ASSIGNMENT =>
The expected answer is the set of lines in the data below between the line holding "Kem Skarfix - TX" and the line holding "File:Anterior shoulder dislocation", inclusive, written out exactly.
Start of Block
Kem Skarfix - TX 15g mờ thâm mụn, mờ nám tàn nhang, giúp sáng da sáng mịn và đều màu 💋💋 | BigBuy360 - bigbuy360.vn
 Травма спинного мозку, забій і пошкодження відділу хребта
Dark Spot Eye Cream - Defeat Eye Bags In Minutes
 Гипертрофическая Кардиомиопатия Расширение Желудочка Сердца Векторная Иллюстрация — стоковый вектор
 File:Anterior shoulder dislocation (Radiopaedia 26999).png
End of Block
Start of Block
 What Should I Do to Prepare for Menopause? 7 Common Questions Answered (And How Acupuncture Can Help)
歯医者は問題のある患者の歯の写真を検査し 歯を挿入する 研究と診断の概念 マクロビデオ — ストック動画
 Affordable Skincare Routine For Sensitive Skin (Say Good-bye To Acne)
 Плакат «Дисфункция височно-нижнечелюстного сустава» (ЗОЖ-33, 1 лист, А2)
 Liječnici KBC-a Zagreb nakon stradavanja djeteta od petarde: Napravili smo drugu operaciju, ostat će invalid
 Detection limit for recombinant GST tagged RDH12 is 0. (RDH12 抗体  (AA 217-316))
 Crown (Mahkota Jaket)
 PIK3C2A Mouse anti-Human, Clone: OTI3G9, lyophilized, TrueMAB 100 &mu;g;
End of Block
TASK RESULT =>
Kem Skarfix - TX 15g mờ thâm mụn, mờ nám tàn nhang, giúp sáng da sáng mịn và đều màu 💋💋 | BigBuy360 - bigbuy360.vn
 Травма спинного мозку, забій і пошкодження відділу хребта
Dark Spot Eye Cream - Defeat Eye Bags In Minutes
 Гипертрофическая Кардиомиопатия Расширение Желудочка Сердца Векторная Иллюстрация — стоковый вектор
 File:Anterior shoulder dislocation (Radiopaedia 26999).png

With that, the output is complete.